* [Assigned task] Give the records again exactly as written. Leave out the pictures.

[[ Records supplied, beginning ]]

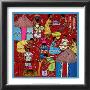 Village Life Iv by Serowe Limited Edition Print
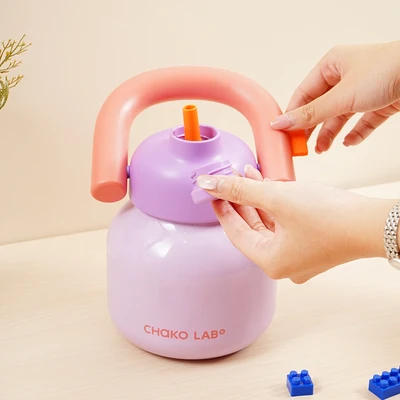 Gambar Chakolab Linlin Botol Vacuum Flask 1 Liter - Ungu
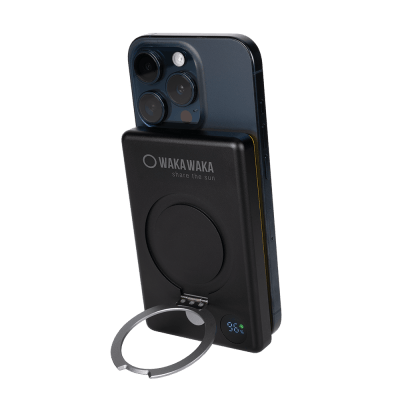 Draadloze powerbank 10000 mAh WakaWaka Power Pro - Accu - Broer Outdoor - 8718692050006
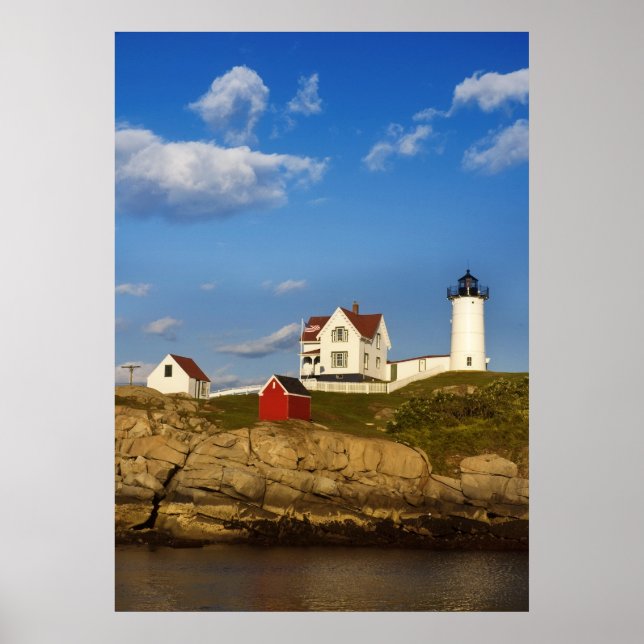 Nubble Lighthouse Poster (Vorne)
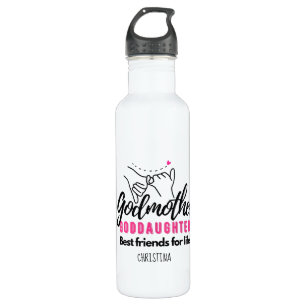 Goddochter Cadeau - Godmoeder Beste Vriendinnen vo Waterfles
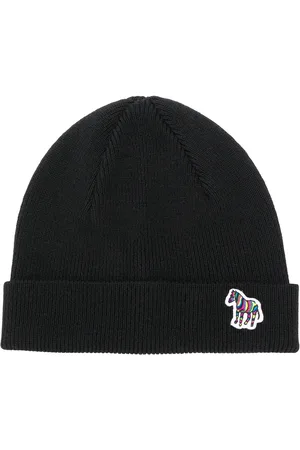 Paul Smith Zebra motif beanie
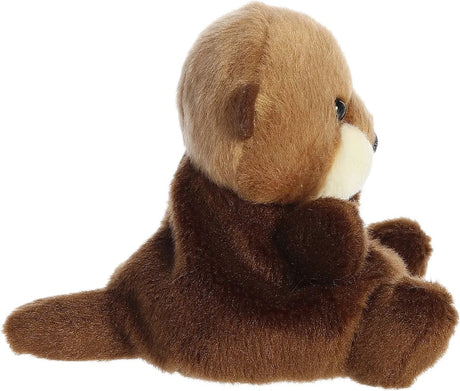 Aurora Palm Pals Serie – Wydra Kuscheltier – 12 cm – braun – weich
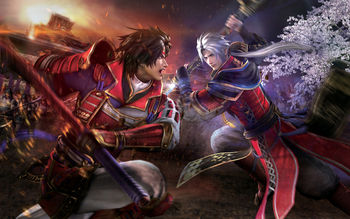 Samurai Warriors 4 Game screenshot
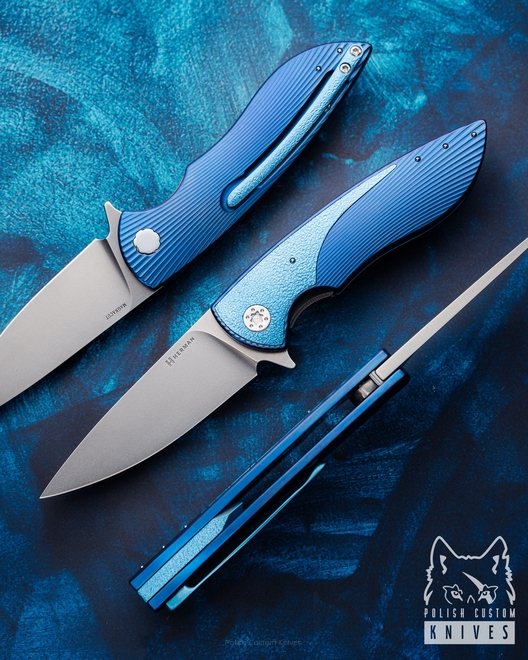 NÓŻ SKŁADANY FOLDER MICRO STING 229 MAGNACUT HERMAN KNIVES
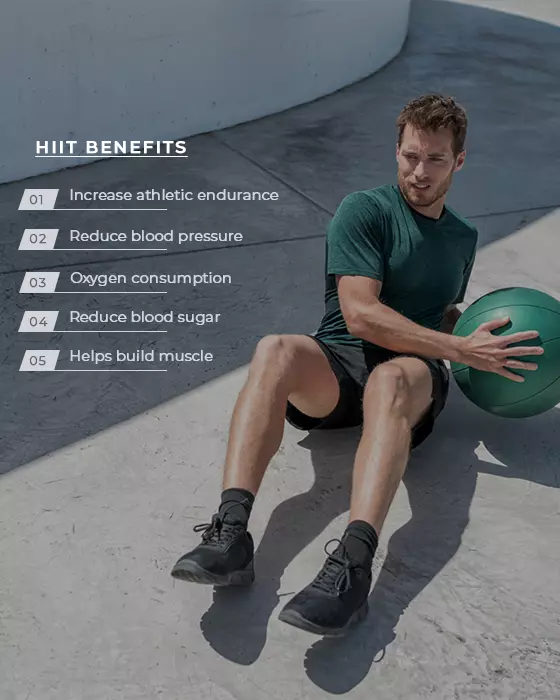 5 mins! Quick HIIT routine!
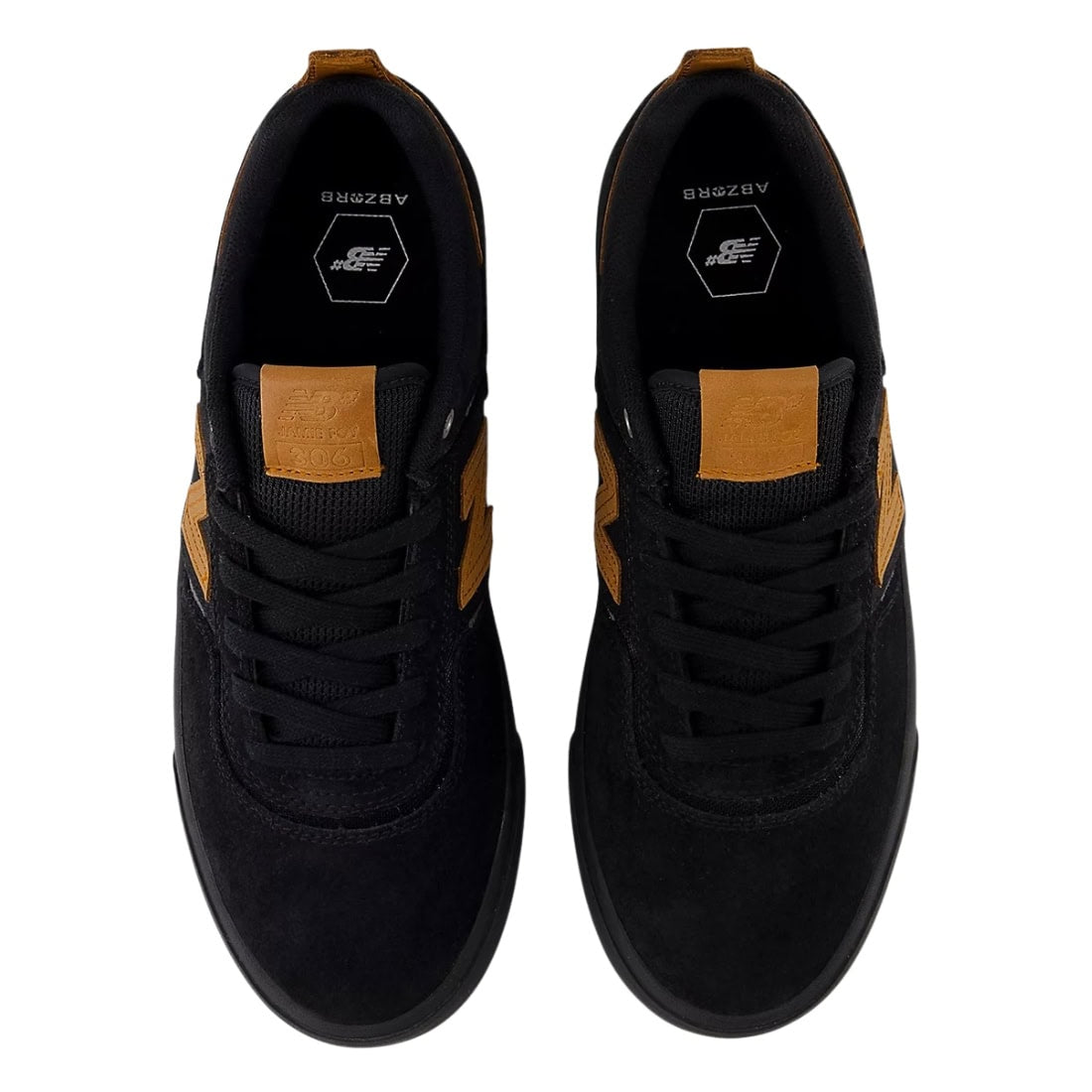 New Balance Numeric NM306 Jamie Foy Skate Shoes - Black/Brown - Mens Skate Shoes by New Balance Numeric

[[ Records supplied, end ]]

* [Solution to this exercise]
 Village Life Iv by Serowe Limited Edition Print
 Gambar Chakolab Linlin Botol Vacuum Flask 1 Liter - Ungu
 Draadloze powerbank 10000 mAh WakaWaka Power Pro - Accu - Broer Outdoor - 8718692050006
 Nubble Lighthouse Poster (Vorne)
 Goddochter Cadeau - Godmoeder Beste Vriendinnen vo Waterfles
 Paul Smith Zebra motif beanie
 Aurora Palm Pals Serie – Wydra Kuscheltier – 12 cm – braun – weich
 Samurai Warriors 4 Game screenshot
 NÓŻ SKŁADANY FOLDER MICRO STING 229 MAGNACUT HERMAN KNIVES
 5 mins! Quick HIIT routine!
 New Balance Numeric NM306 Jamie Foy Skate Shoes - Black/Brown - Mens Skate Shoes by New Balance Numeric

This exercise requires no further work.